The grants will fund community and municipality-based training events to help communities increase resiliency to future flooding, and prevent outbreaks of harmful algal blooms in high-risk waterbodies.
With Finger Lakes communities facing major flooding risks, the State Agriculture Commissioner says these efforts will protect communities and help sustain New York's agricultural industry.
Training will focus on post flood emergency stream intervention, and proper roadside ditch maintenance and stabilization methods.
The New York State Department of Agriculture and Markets is currently accepting grant applications for the program on a rolling basis through February 2022 or until funds are exhausted. New York State Soil and Water Conservation Districts (SWCD), working in partnership with regional watershed groups and coalitions, are eligible.
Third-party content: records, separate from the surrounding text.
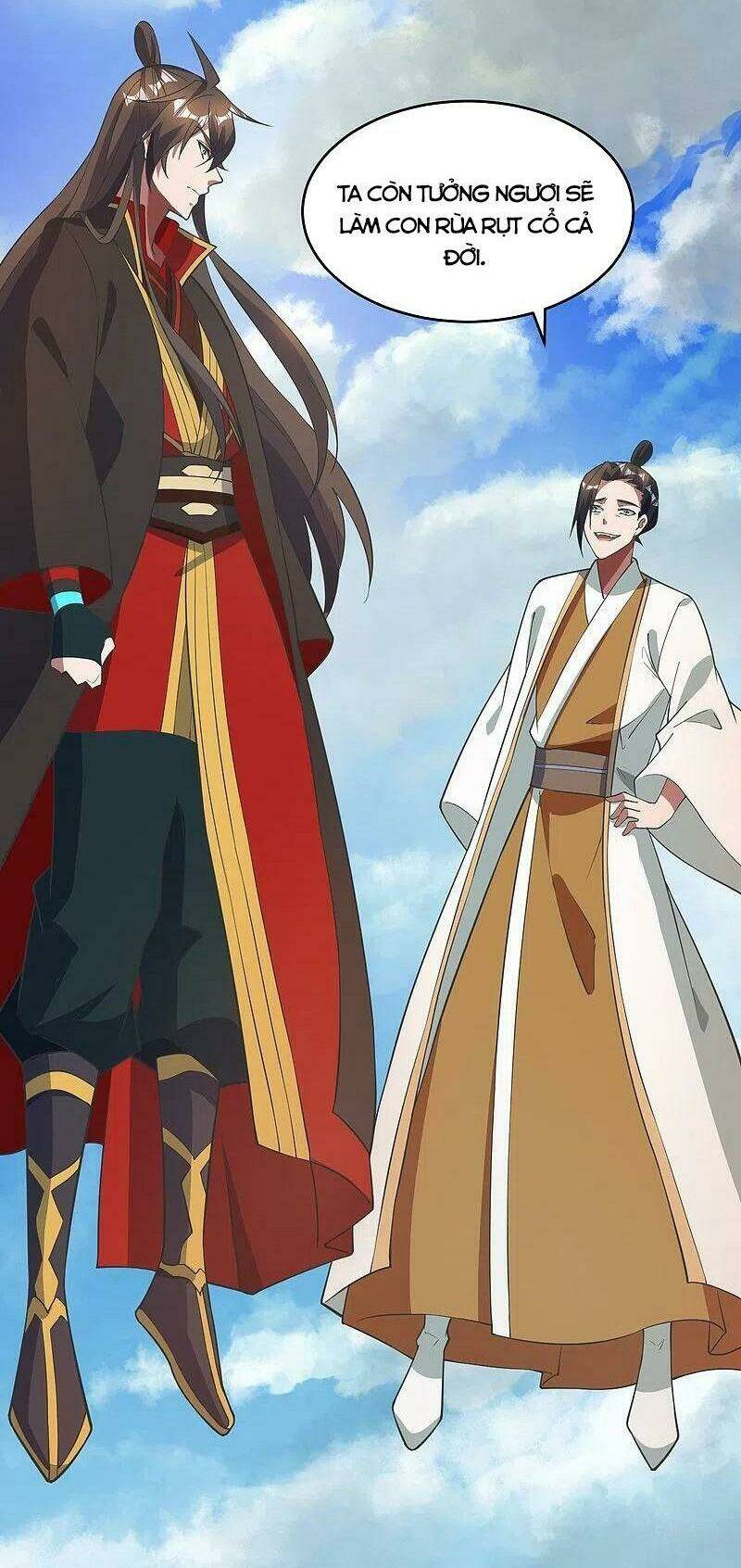 Chapter 310 trang 21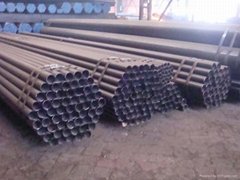 structural pipe
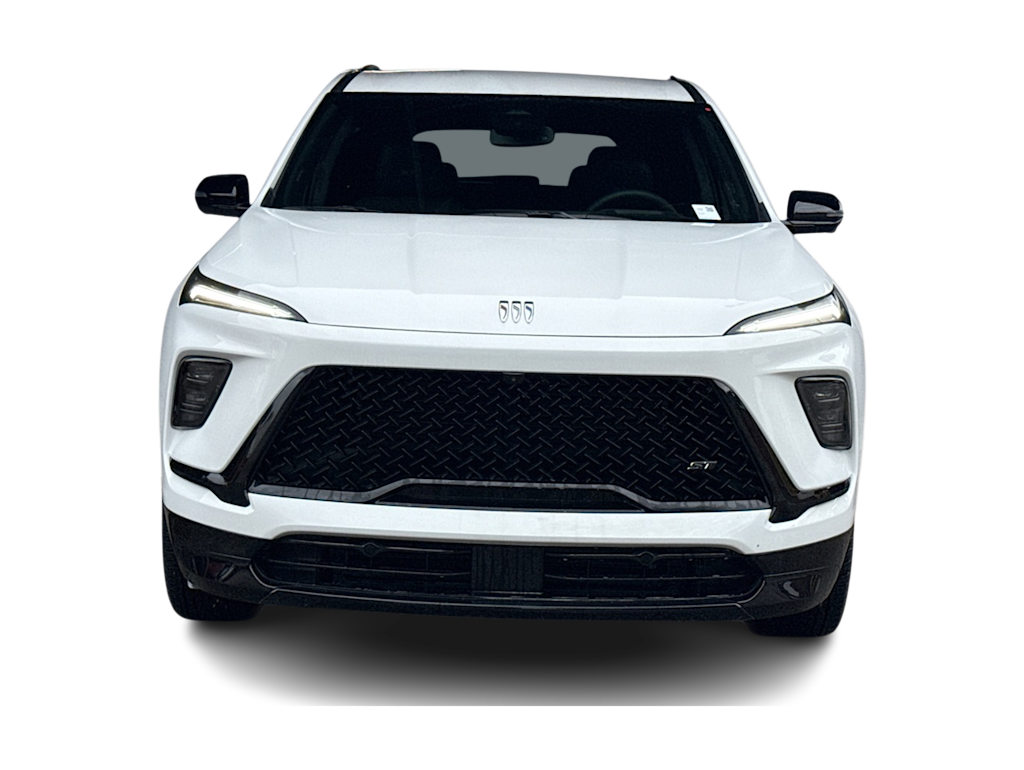 Thumbnail: 2025 Buick Enclave - 6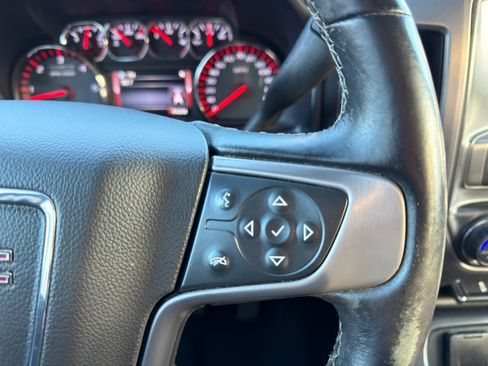 Used 2015 GMC Sierra 1500 SLE w/ All-Terrain Package image 20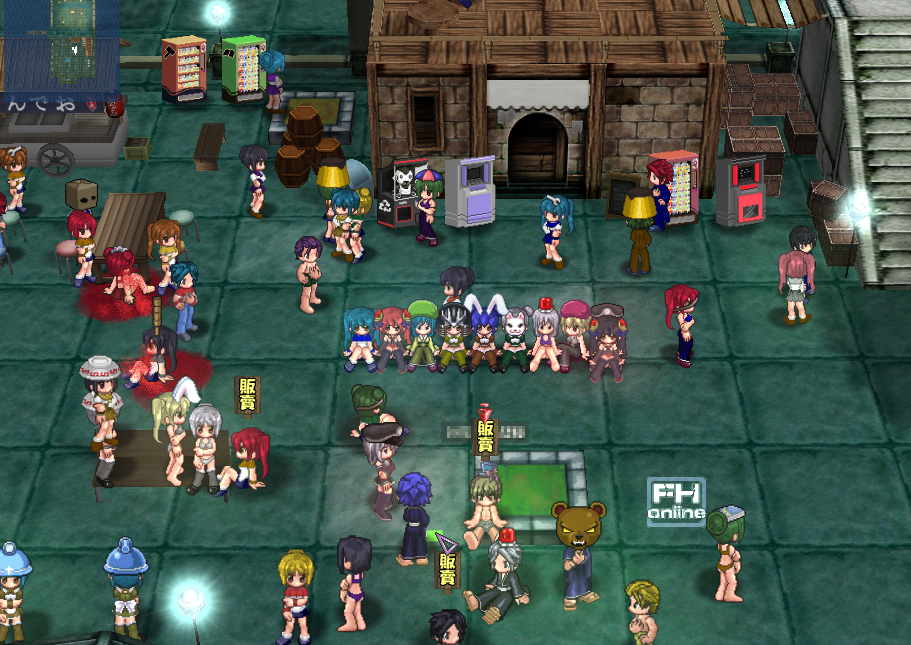 Final Hope On Steam Final Hope On Steam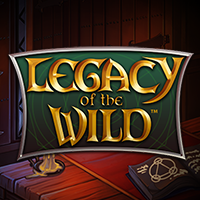 Legacy Of The Wild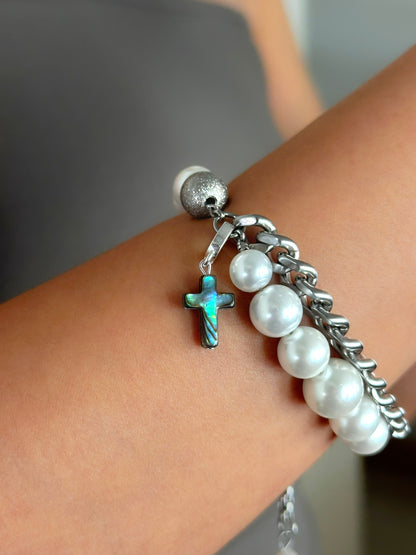 Tidecross Charm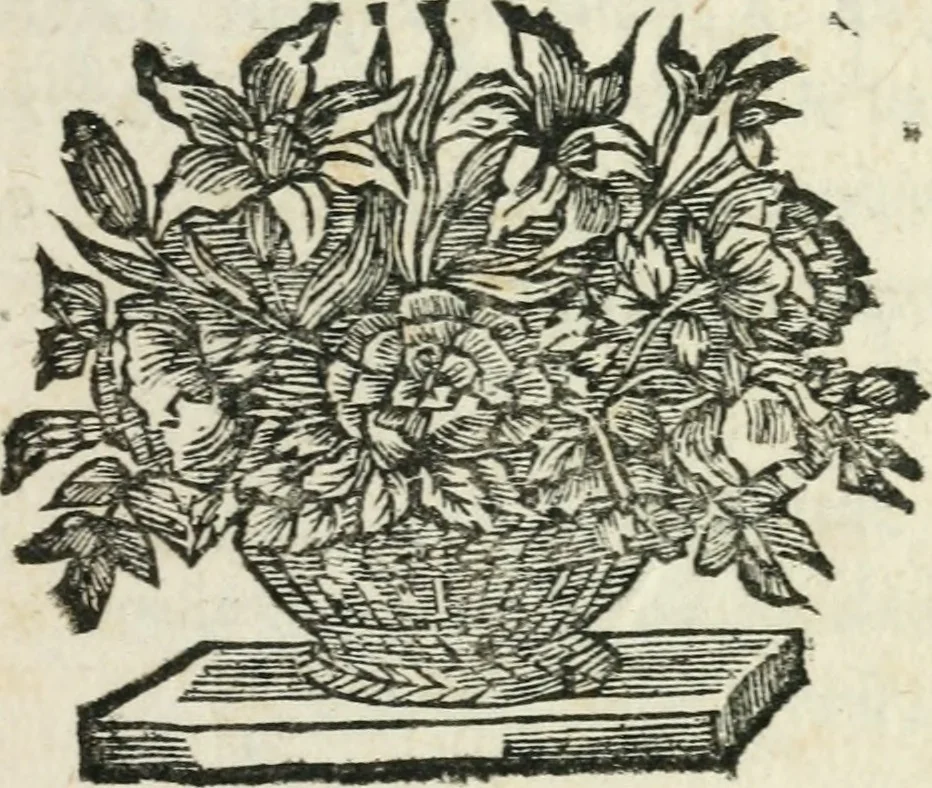 An illustration from Entretiens sur les sciences : dans lesquels on apprend comme l'on se doit servir des sciences, pour se faire l'esprit juste, & le coeur droit : avec la methode d'étudier, 1694, leaf 80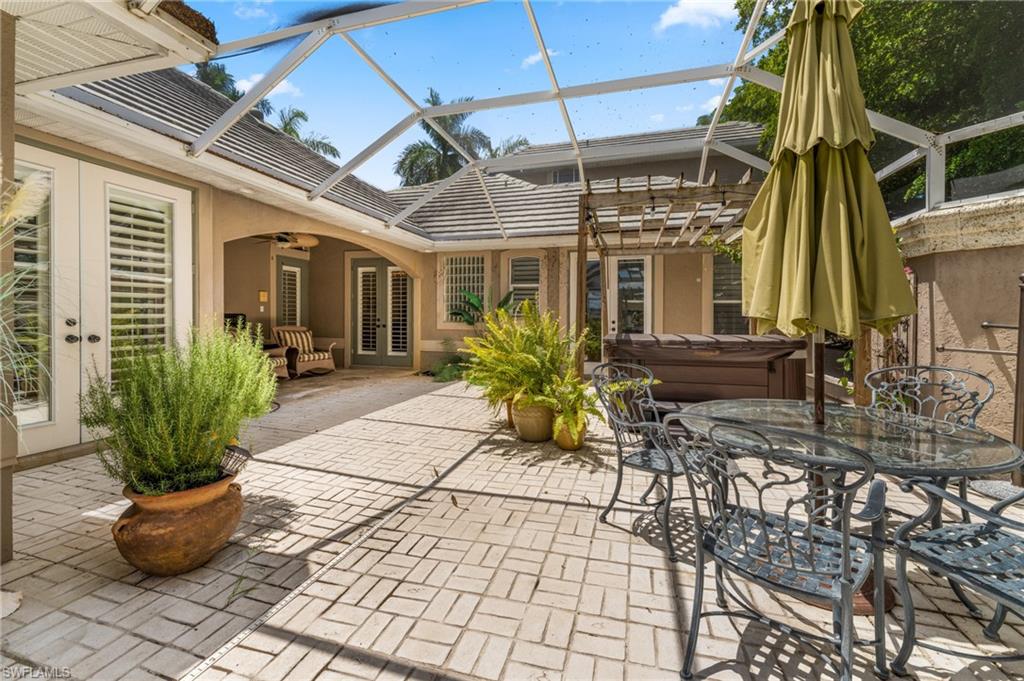 HERMITAGE - Residential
SWCDs who receive grant funding will host about 40 training programs for municipalities across the state. Training programs are as follows:
Post Flood Emergency Stream Intervention Program
Increased flooding events have presented significant flood response challenges for state agencies, county and local municipal governments throughout New York State. Immediately following a flood, municipalities are often responsible for protecting public and, private infrastructure that is threatened by a nearby flooded stream. DEC, in partnership with the County Soil and Water Conservation Districts (SWCD), developed a Post Flood Emergency Stream Intervention (ESI) training program and manual to help municipal officials, contractors and machine operators respond effectively to flood damage. By following these guidelines and recommended procedures, municipalities will save time, money and resources. The ESI training program has expanded its reach and is delivered throughout New York State.
North Atlantic Aquatic Connectivity Collaborative
Road-stream crossings (bridges and culverts) often create increased flooding risk due to inadequate sizing and a disconnected design that harms ecological connectivity. With well over 100,000 crossings in New York State, addressing these problems can be challenging. The Community Resiliency Training program supports training through the North Atlantic Aquatic Connectivity Collaborative (NAACC), a 13-state collaborative that has created a standardized field assessment methodology on how to address road-stream crossings. Information generated by NAACC surveys helps formulate projects that increase flood resiliency, improve aquatic habitat connectivity and reduce polluted runoff.
Roadside Ditch Maintenance Training
While ditches drain roads, they also effectively intercept runoff from the surrounding landscape, including adjacent hill slopes, parking lots, buildings and other impervious surfaces. Ditches can rapidly divert water to streams, exacerbating flooding. Road salt, fertilizer, and sediments are often transported in this flow, with the potential to pollute nearby waterways. An improperly constructed and poorly maintained ditch can result in several problems, including disruption to the natural stream flow; increased erosion of stream banks; increased flooding; reduction in local groundwater tables; and the potential for increased pollution in water supplies. To address these issues, the Roadside Ditch Maintenance training program has developed specific guidance and criteria to ensure that ditches are properly constructed and maintained.